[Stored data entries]
▬▬▬▬▬▬

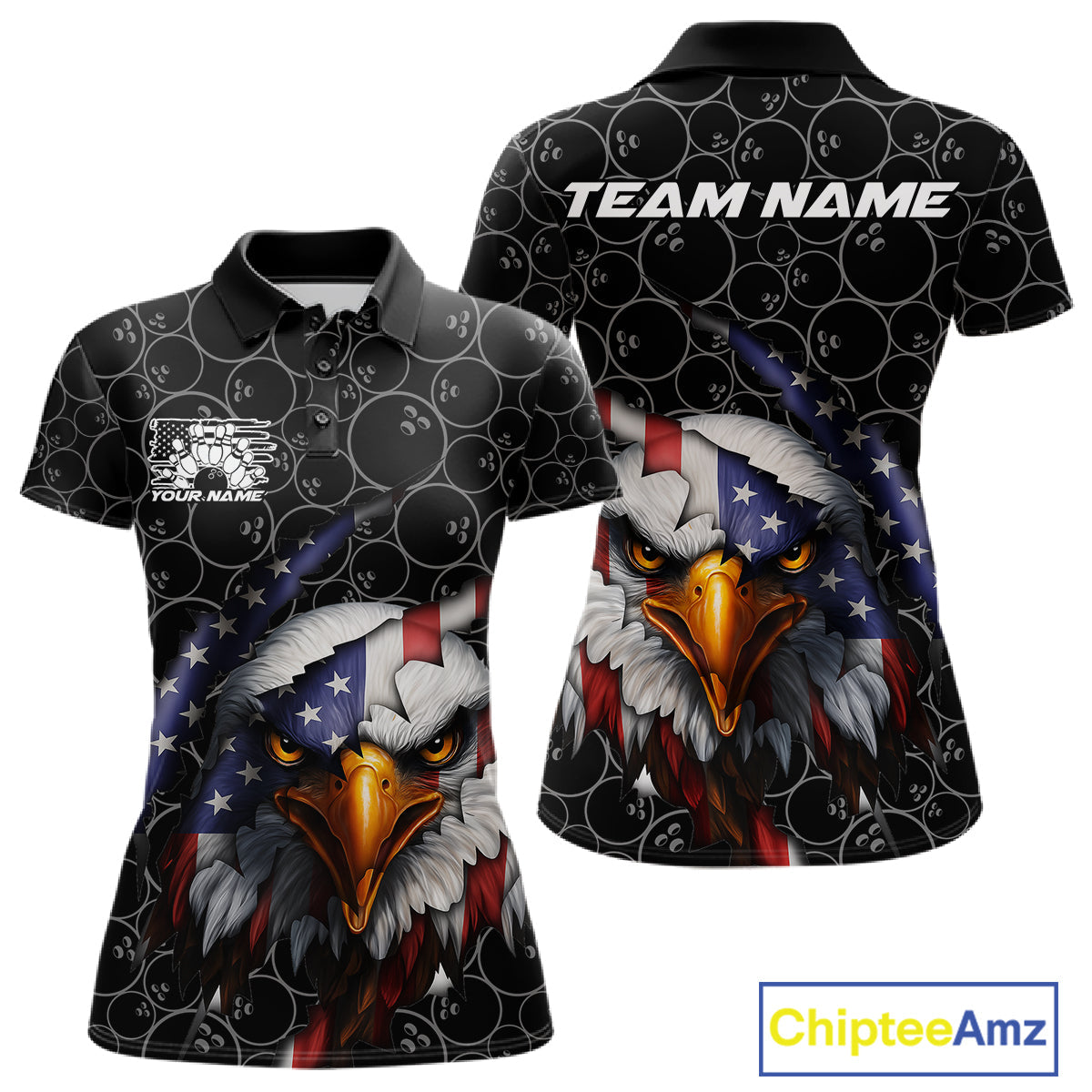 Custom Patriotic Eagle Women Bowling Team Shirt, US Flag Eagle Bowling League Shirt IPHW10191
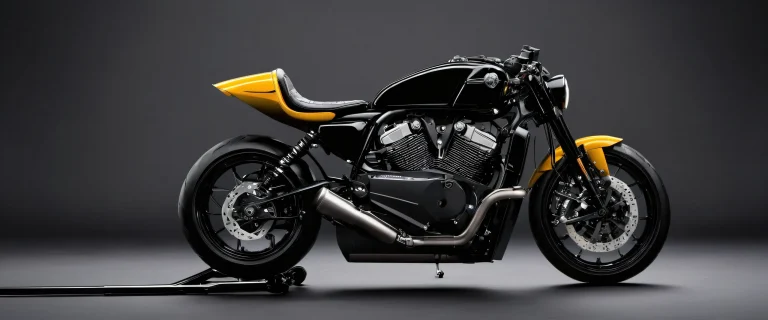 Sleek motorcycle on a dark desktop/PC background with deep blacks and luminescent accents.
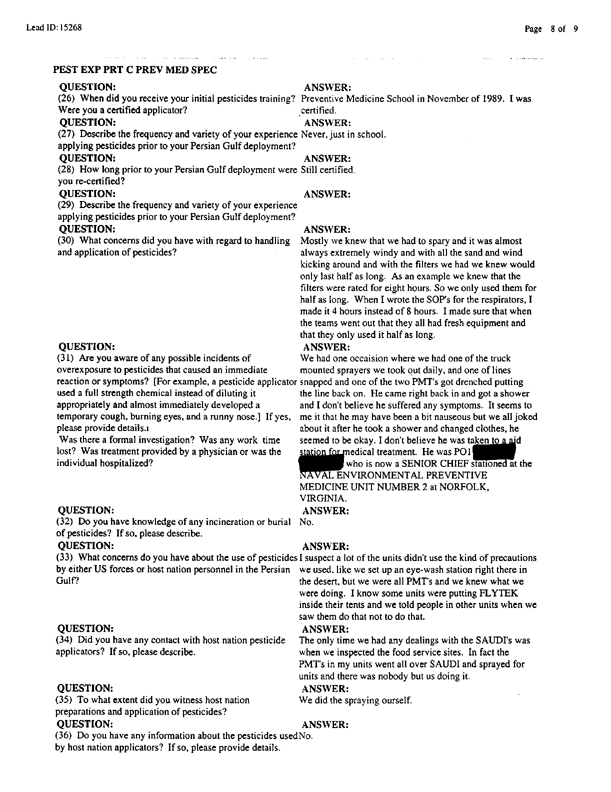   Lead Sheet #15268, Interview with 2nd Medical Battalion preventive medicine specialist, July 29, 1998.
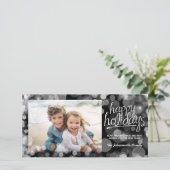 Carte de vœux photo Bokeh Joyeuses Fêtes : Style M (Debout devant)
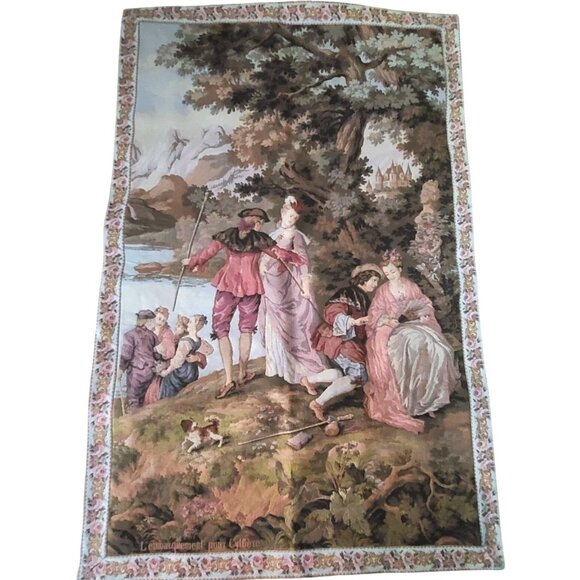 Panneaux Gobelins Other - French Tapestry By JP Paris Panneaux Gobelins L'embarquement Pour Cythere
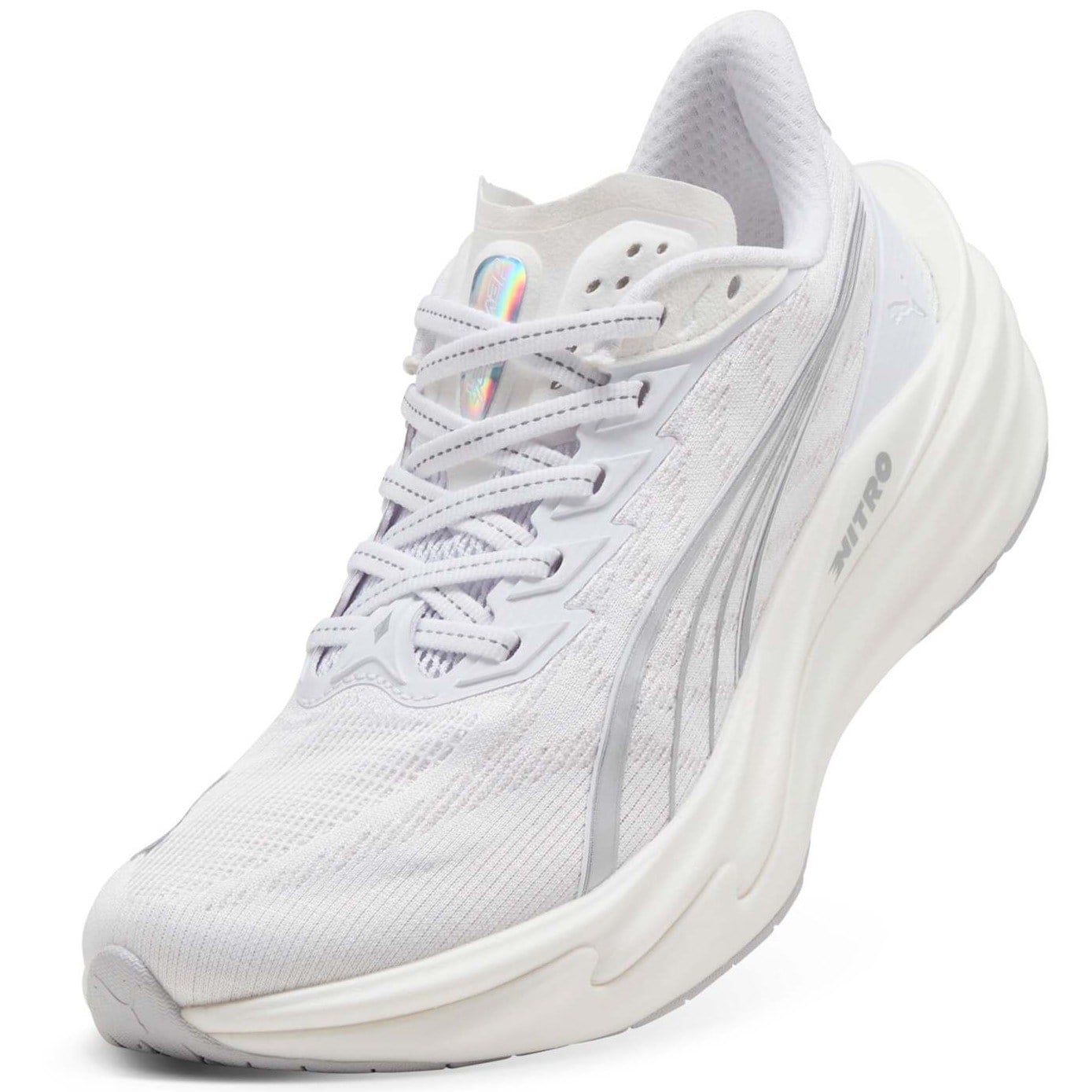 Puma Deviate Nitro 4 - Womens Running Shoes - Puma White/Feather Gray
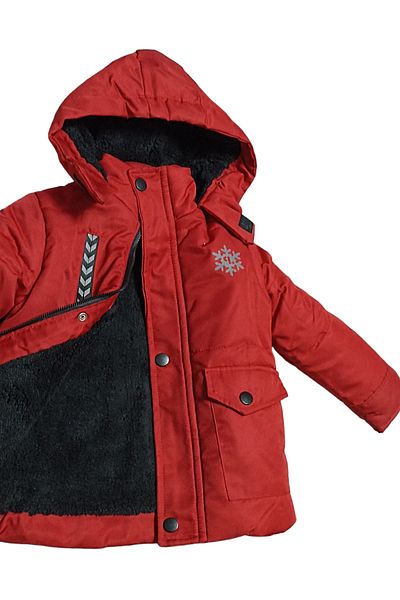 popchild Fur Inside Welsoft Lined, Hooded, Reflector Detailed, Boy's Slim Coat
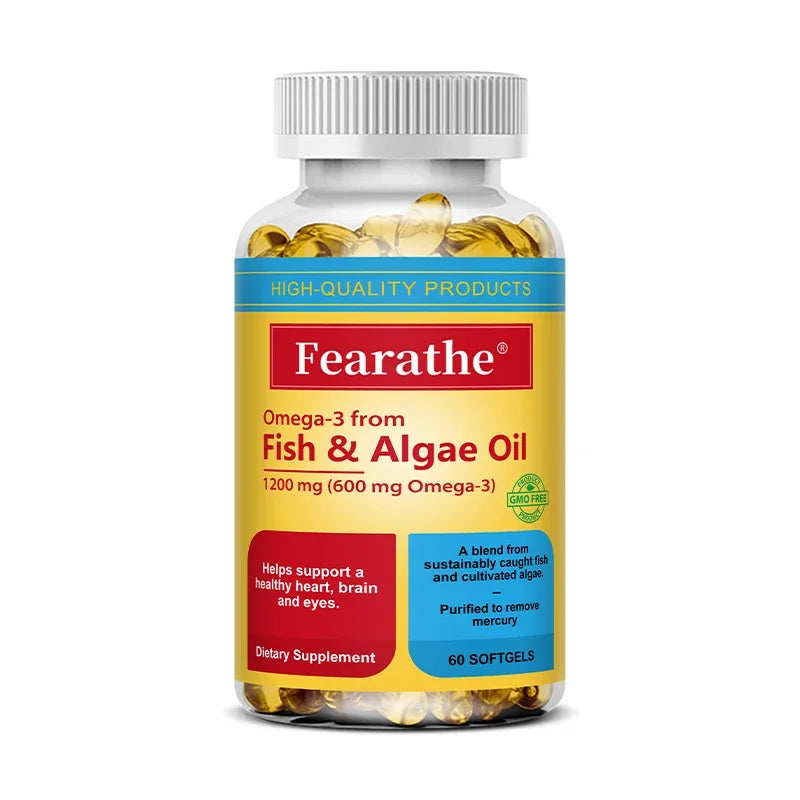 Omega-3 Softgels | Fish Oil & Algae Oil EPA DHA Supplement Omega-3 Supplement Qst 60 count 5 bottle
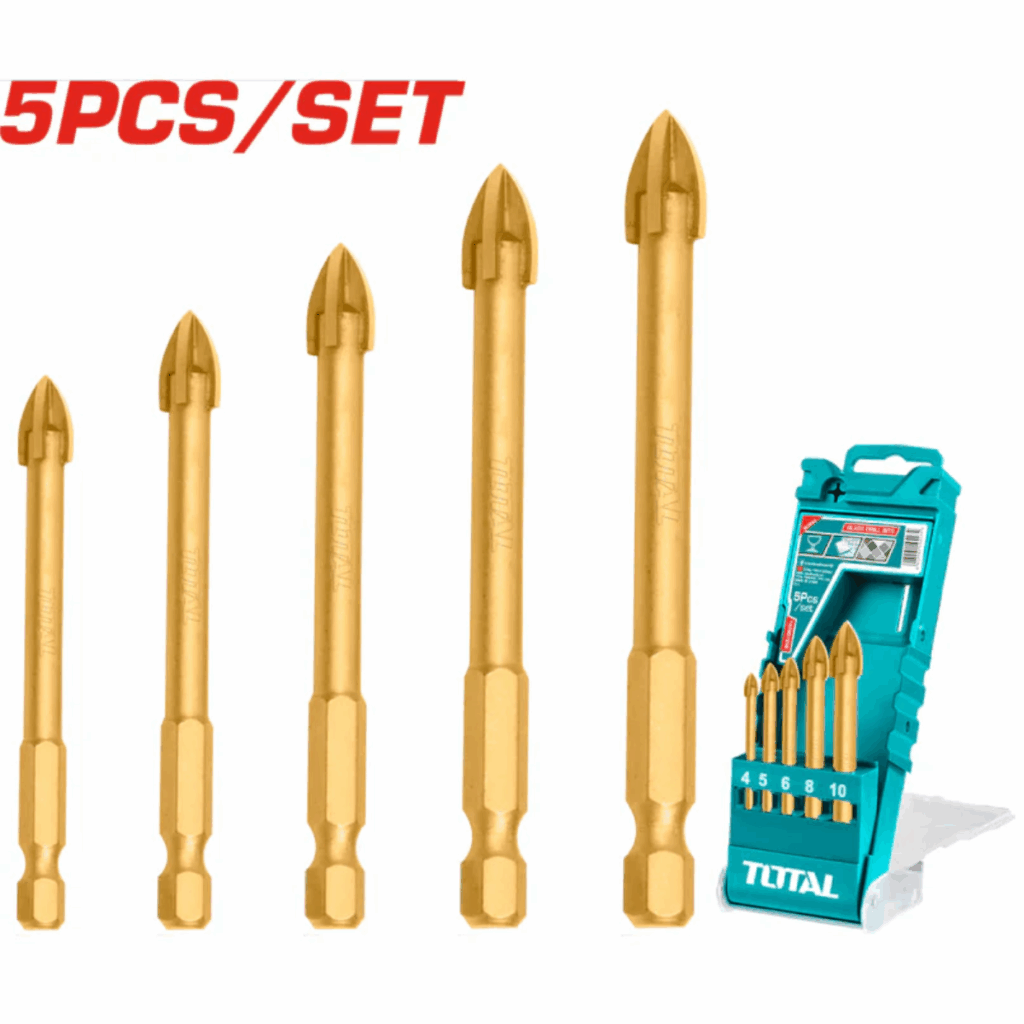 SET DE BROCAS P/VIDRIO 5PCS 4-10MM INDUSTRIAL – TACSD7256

▬▬▬▬▬▬

◆ The task
Every line above should be retyped exactly; the pictures do not belong in the copy.

◆ Response
 Custom Patriotic Eagle Women Bowling Team Shirt, US Flag Eagle Bowling League Shirt IPHW10191
 Sleek motorcycle on a dark desktop/PC background with deep blacks and luminescent accents.
   Lead Sheet #15268, Interview with 2nd Medical Battalion preventive medicine specialist, July 29, 1998.
 Carte de vœux photo Bokeh Joyeuses Fêtes : Style M (Debout devant)
 Panneaux Gobelins Other - French Tapestry By JP Paris Panneaux Gobelins L'embarquement Pour Cythere
 Puma Deviate Nitro 4 - Womens Running Shoes - Puma White/Feather Gray
 popchild Fur Inside Welsoft Lined, Hooded, Reflector Detailed, Boy's Slim Coat
 Omega-3 Softgels | Fish Oil & Algae Oil EPA DHA Supplement Omega-3 Supplement Qst 60 count 5 bottle
 SET DE BROCAS P/VIDRIO 5PCS 4-10MM INDUSTRIAL – TACSD7256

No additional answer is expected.